How to complete this task ::
Where the records contain images, omit them, and repeat everything else word for word.

Extracted entries ::
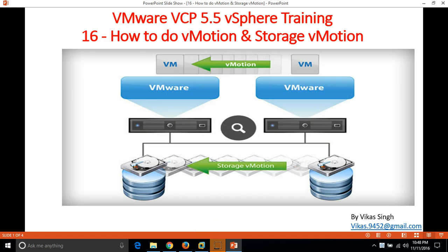Hi friends, welcome to my channel. This is the 16th video of VMware VCP 5.5 vSphere training. In this video I am going to show you how to do vMotion or Storage vMotion in VMware.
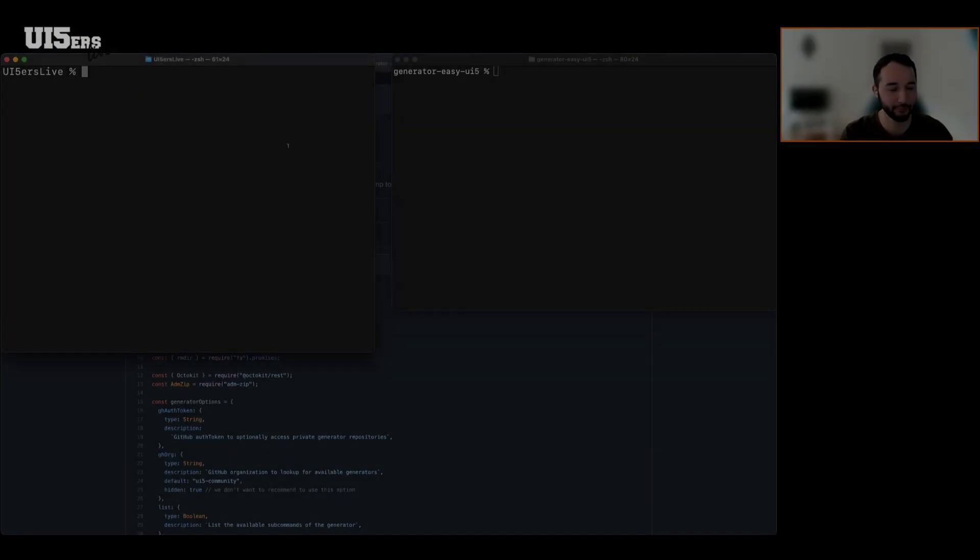Every time you run EasyUI5, it automatically checks: do I have this plugin on my local machine? If not, it pulls it. It also checks if the version is outdated and pulls the latest if needed. Previously when you used EasyUI5, you always had to use the latest version to get the latest templates. Now it's a bit decoupled — it would still be great to update EasyUI5 when available, but you won't accidentally create a project that follows old best practices.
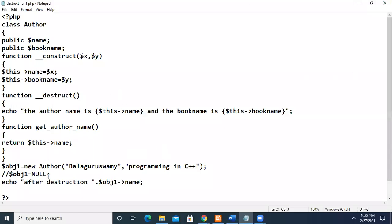So in the same program, I'll show you that I already told you the destructor will be the last one to get executed. Now we'll see this as an example.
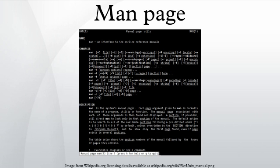Synopsis: In the case of a command, a formal description of how to run it and what command line options it takes. For program functions, a list of the parameters the function takes and which header file contains its definition. Description: A textual description of the functioning of the command or function.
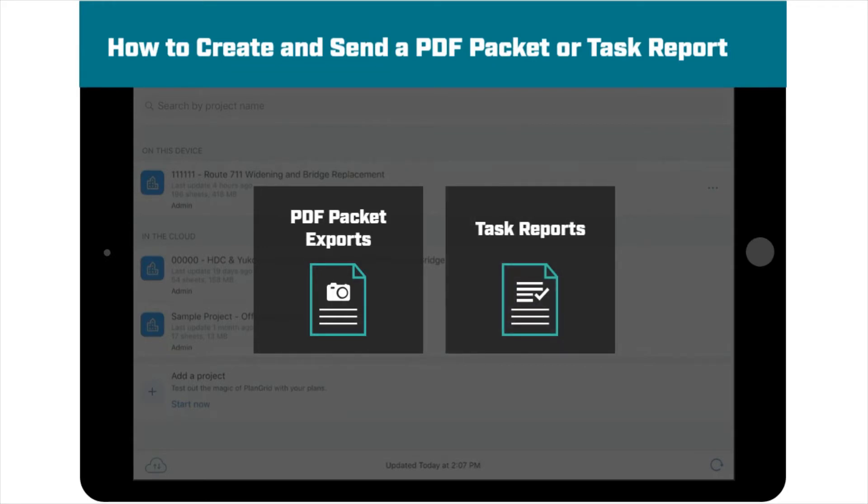PDF Packets is an export option that allows you to create a PDF of what you are viewing on your screen and any photos in view taken with the camera tool.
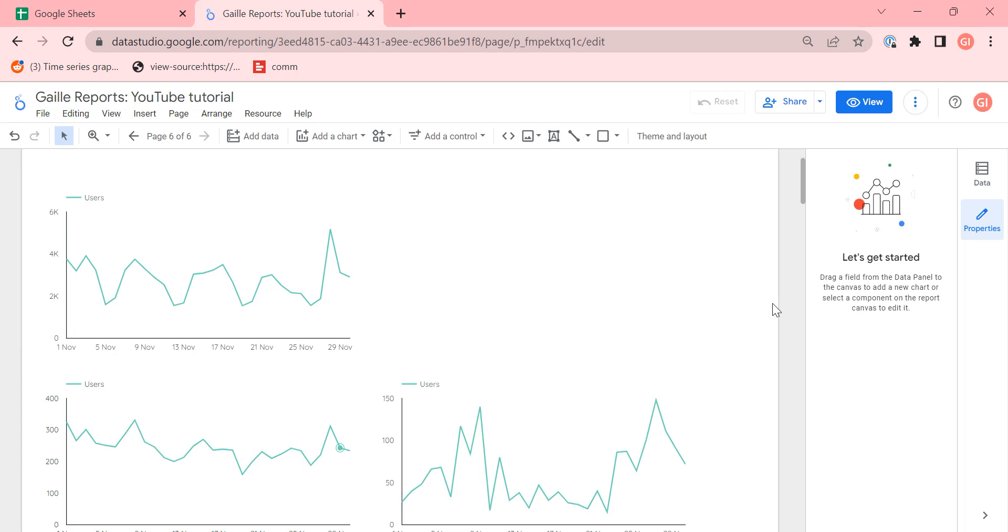Hey, my name is Galla. I'm a Looker Studio specialist and today I would like to talk about blended data sources and show you a really nice lifehack about that.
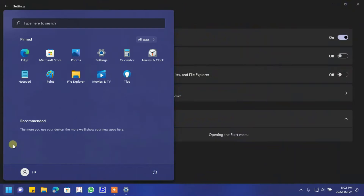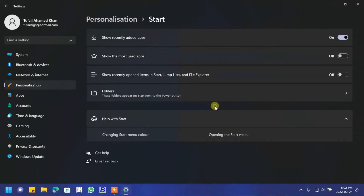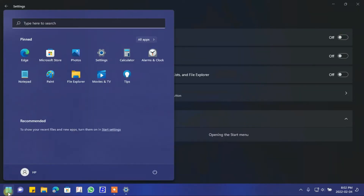Now go to Start — you can see the recommended section is gone. It is saying it will show new apps here, so let's turn that off too. Turn off the toggle for 'Show recently added apps'. Now both new apps and recent files will not be shown here.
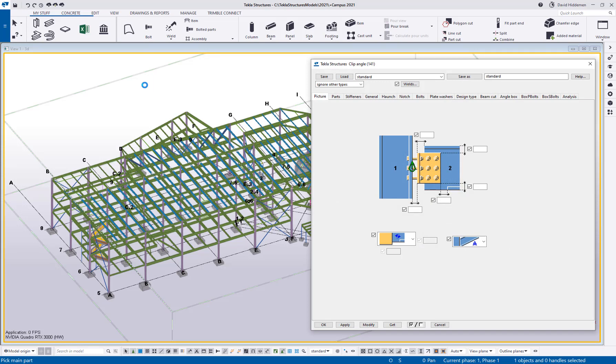So anyway, I hope this kind of gets some juices flowing and gets you excited about the possibilities of being able to customize your Tekla. I am a big fan of customization because we all like to work a little bit differently. So if you have any questions or thoughts or comments, go ahead and leave those down below. I'm going to wrap things up now and just say thank you for watching and we'll see you guys next time.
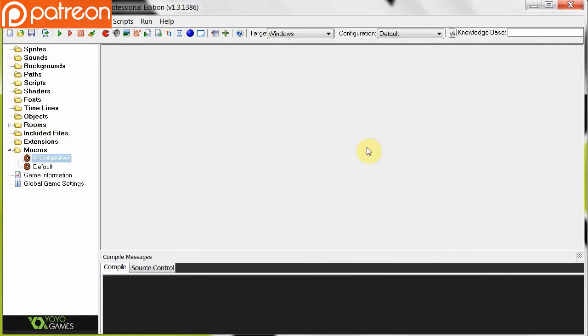Hey guys and welcome to SlashRex Games. Today I'm going to be talking about macros. If you're using a legacy version of GameMaker or an older version of GameMaker Studio, it's called a constant.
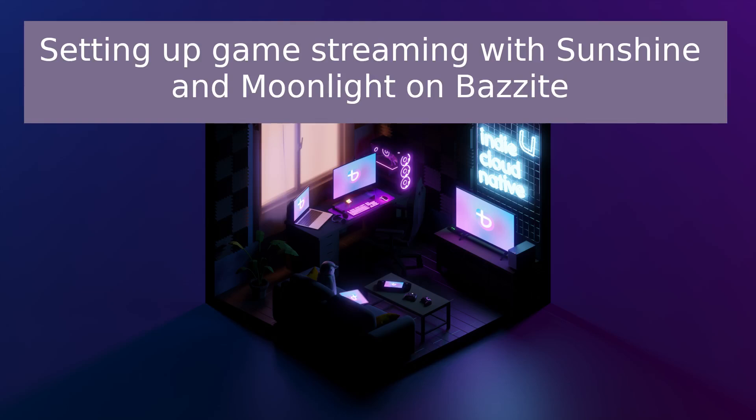Want to play your PC games on a laptop, tablet or phone anywhere in your house? Today we're going to set up game streaming on Bazzite using the open source tools Sunshine and Moonlight.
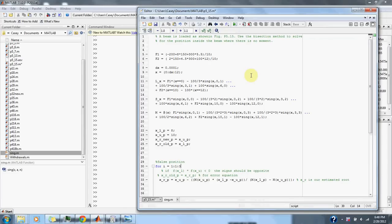Numerical methods for engineers problem 5.15. A beam is loaded as shown in figure P5.15. Use the bisection method to solve for the position inside the beam where there is no moment.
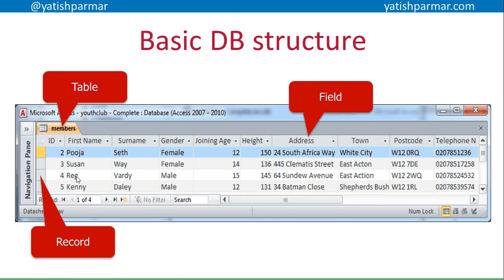The basic database structure is something like this: all your data is organized in a table. This is a flat file database — a single table. A later video will look at the difference between flat file and relational databases. Within the table you have fields, which are the column headings — the individual bits of data we want to store. Then we have records, which are a group of related data about one particular object. For example, one record belongs to Reg Vardy, who is male, 15 years old, and so on.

Result ::
Hi friends, welcome to my channel. This is the 16th video of VMware VCP 5.5 vSphere training. In this video I am going to show you how to do vMotion or Storage vMotion in VMware.
Every time you run EasyUI5, it automatically checks: do I have this plugin on my local machine? If not, it pulls it. It also checks if the version is outdated and pulls the latest if needed. Previously when you used EasyUI5, you always had to use the latest version to get the latest templates. Now it's a bit decoupled — it would still be great to update EasyUI5 when available, but you won't accidentally create a project that follows old best practices.
So in the same program, I'll show you that I already told you the destructor will be the last one to get executed. Now we'll see this as an example.
Synopsis: In the case of a command, a formal description of how to run it and what command line options it takes. For program functions, a list of the parameters the function takes and which header file contains its definition. Description: A textual description of the functioning of the command or function.
PDF Packets is an export option that allows you to create a PDF of what you are viewing on your screen and any photos in view taken with the camera tool.
Hey, my name is Galla. I'm a Looker Studio specialist and today I would like to talk about blended data sources and show you a really nice lifehack about that.
Now go to Start — you can see the recommended section is gone. It is saying it will show new apps here, so let's turn that off too. Turn off the toggle for 'Show recently added apps'. Now both new apps and recent files will not be shown here.
So anyway, I hope this kind of gets some juices flowing and gets you excited about the possibilities of being able to customize your Tekla. I am a big fan of customization because we all like to work a little bit differently. So if you have any questions or thoughts or comments, go ahead and leave those down below. I'm going to wrap things up now and just say thank you for watching and we'll see you guys next time.
Hey guys and welcome to SlashRex Games. Today I'm going to be talking about macros. If you're using a legacy version of GameMaker or an older version of GameMaker Studio, it's called a constant.
Want to play your PC games on a laptop, tablet or phone anywhere in your house? Today we're going to set up game streaming on Bazzite using the open source tools Sunshine and Moonlight.
Numerical methods for engineers problem 5.15. A beam is loaded as shown in figure P5.15. Use the bisection method to solve for the position inside the beam where there is no moment.
The basic database structure is something like this: all your data is organized in a table. This is a flat file database — a single table. A later video will look at the difference between flat file and relational databases. Within the table you have fields, which are the column headings — the individual bits of data we want to store. Then we have records, which are a group of related data about one particular object. For example, one record belongs to Reg Vardy, who is male, 15 years old, and so on.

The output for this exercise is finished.